* What this task involves
Wherever a line of the data contains "Women", copy that line.

START Exercise data

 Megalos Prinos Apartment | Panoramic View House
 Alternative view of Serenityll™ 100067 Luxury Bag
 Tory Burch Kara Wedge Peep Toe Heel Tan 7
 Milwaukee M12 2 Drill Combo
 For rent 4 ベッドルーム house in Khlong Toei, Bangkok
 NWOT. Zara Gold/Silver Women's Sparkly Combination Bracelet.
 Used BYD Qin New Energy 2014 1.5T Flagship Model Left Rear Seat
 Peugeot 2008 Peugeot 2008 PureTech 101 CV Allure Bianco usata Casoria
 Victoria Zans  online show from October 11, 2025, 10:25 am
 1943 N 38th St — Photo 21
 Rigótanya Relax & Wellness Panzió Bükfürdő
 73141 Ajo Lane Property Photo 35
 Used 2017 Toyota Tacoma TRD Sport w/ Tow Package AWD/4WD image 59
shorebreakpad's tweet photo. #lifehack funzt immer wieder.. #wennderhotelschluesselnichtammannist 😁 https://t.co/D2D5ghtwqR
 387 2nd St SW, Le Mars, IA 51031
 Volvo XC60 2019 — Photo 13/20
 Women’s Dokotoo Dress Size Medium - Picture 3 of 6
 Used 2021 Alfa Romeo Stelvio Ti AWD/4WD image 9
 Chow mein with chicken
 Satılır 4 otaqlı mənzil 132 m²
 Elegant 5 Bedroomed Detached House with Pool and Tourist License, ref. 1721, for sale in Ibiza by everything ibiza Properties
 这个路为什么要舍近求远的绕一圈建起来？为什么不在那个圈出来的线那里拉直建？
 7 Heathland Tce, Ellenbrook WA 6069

END Exercise data

* Response
 NWOT. Zara Gold/Silver Women's Sparkly Combination Bracelet.
 Women’s Dokotoo Dress Size Medium - Picture 3 of 6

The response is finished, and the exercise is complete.